*** Records shown

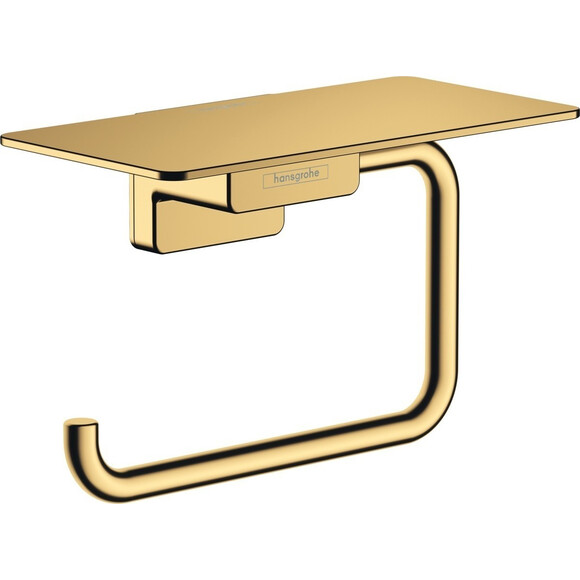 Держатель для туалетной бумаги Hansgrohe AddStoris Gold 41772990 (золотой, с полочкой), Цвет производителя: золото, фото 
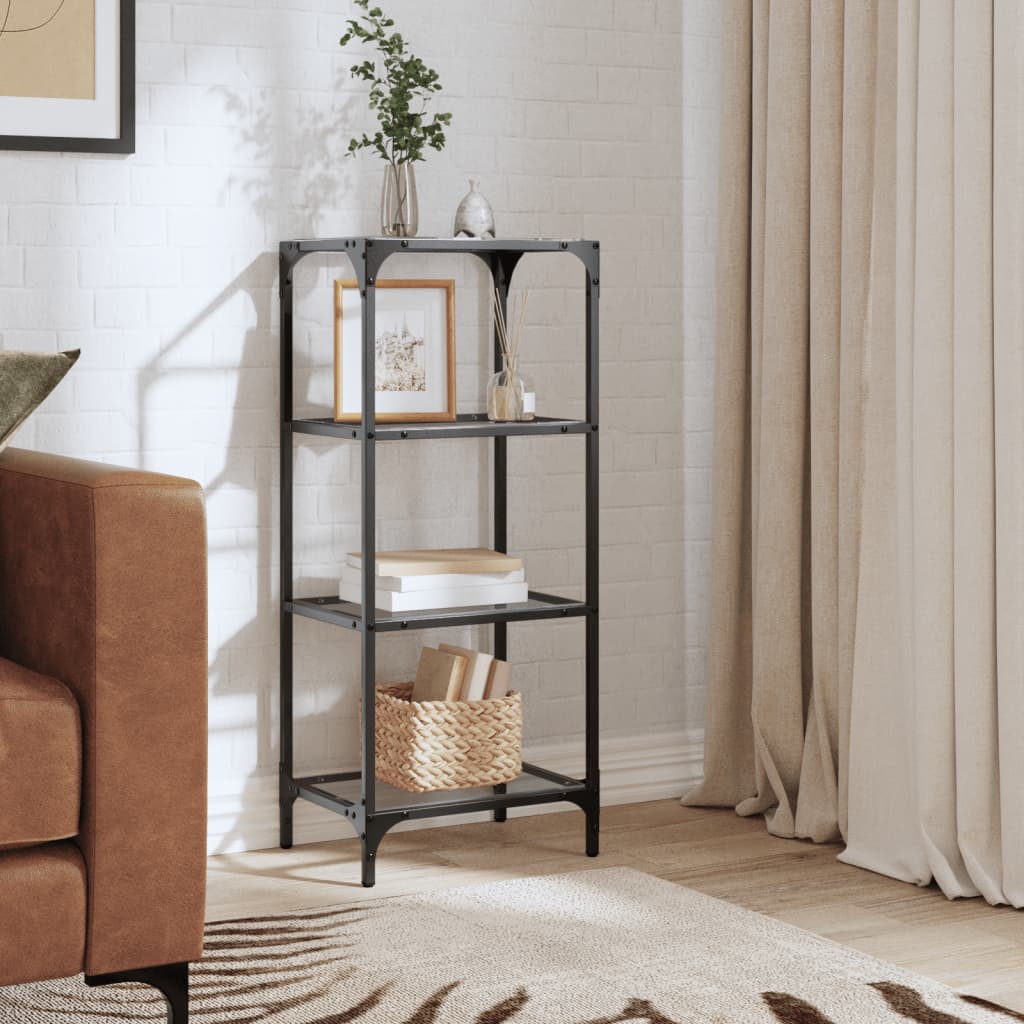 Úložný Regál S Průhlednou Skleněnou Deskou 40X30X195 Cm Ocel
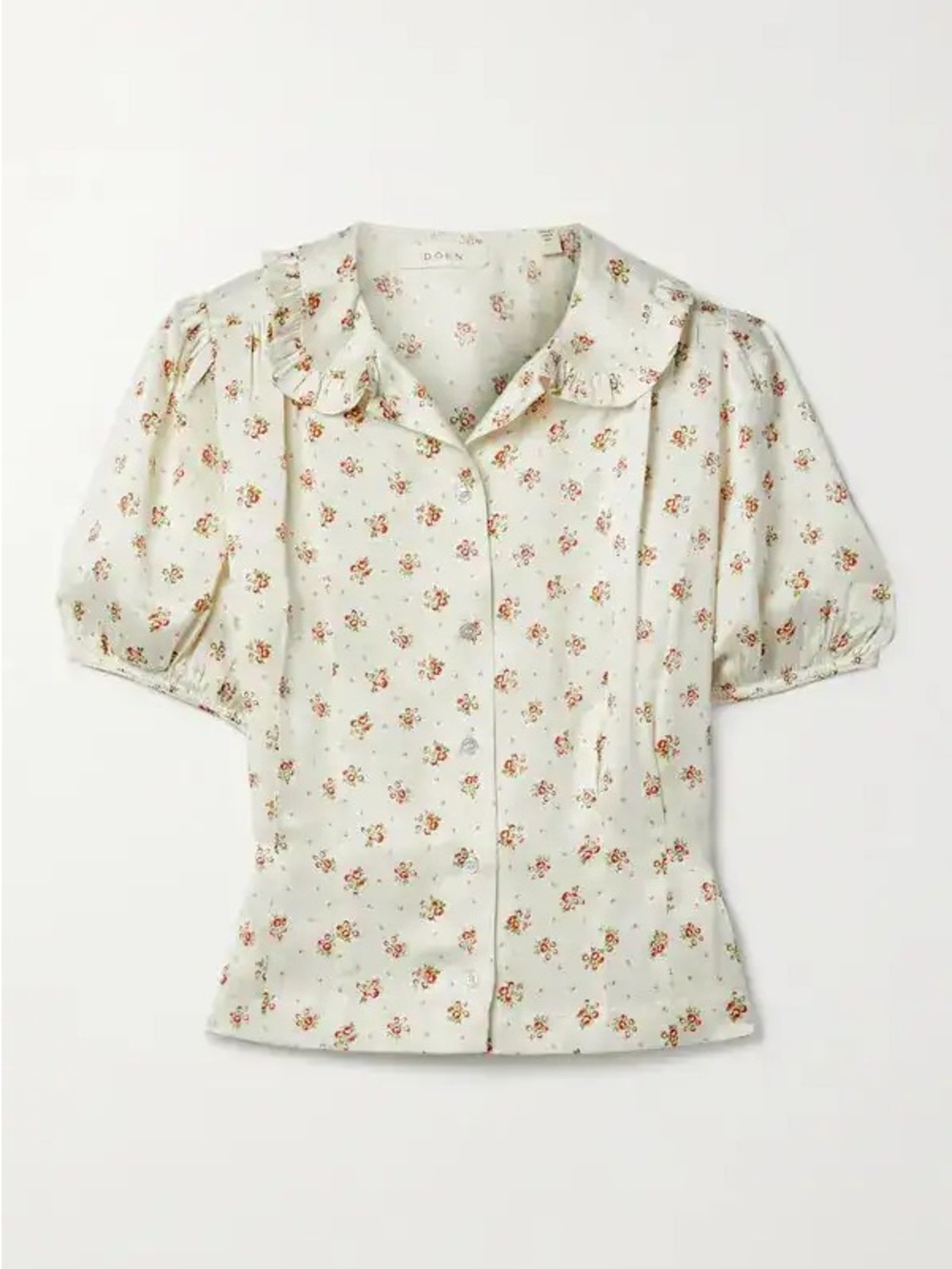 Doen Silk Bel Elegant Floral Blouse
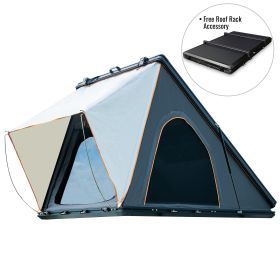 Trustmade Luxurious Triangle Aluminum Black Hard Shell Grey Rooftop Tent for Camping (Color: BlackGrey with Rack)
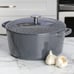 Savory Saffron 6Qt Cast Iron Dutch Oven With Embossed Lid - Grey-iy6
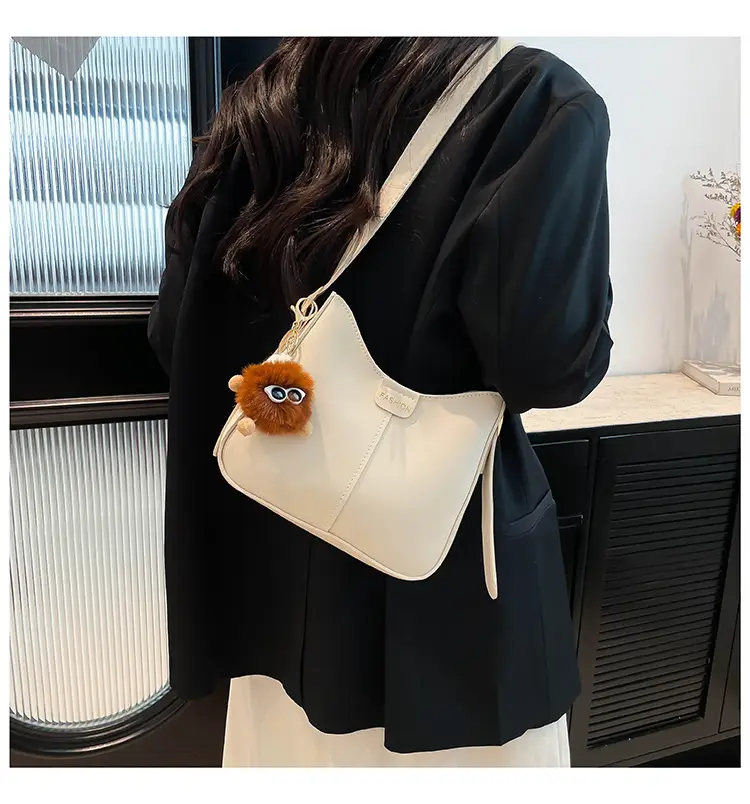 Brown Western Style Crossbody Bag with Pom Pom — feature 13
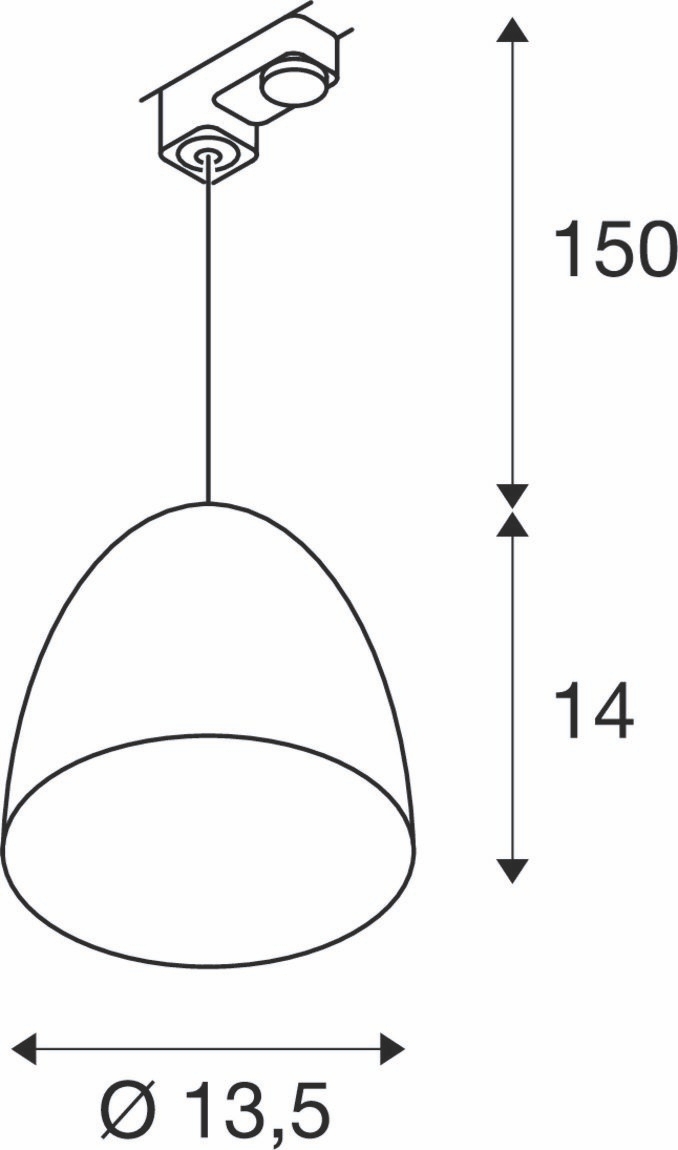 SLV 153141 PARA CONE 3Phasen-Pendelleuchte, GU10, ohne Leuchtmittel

******

## Assignment:
Only an exact copy of the records counts as an answer. Leave out the images.

## Solution:
 Держатель для туалетной бумаги Hansgrohe AddStoris Gold 41772990 (золотой, с полочкой), Цвет производителя: золото, фото 
 Úložný Regál S Průhlednou Skleněnou Deskou 40X30X195 Cm Ocel
 Doen Silk Bel Elegant Floral Blouse
 Trustmade Luxurious Triangle Aluminum Black Hard Shell Grey Rooftop Tent for Camping (Color: BlackGrey with Rack)
 Savory Saffron 6Qt Cast Iron Dutch Oven With Embossed Lid - Grey-iy6
 Brown Western Style Crossbody Bag with Pom Pom — feature 13
 SLV 153141 PARA CONE 3Phasen-Pendelleuchte, GU10, ohne Leuchtmittel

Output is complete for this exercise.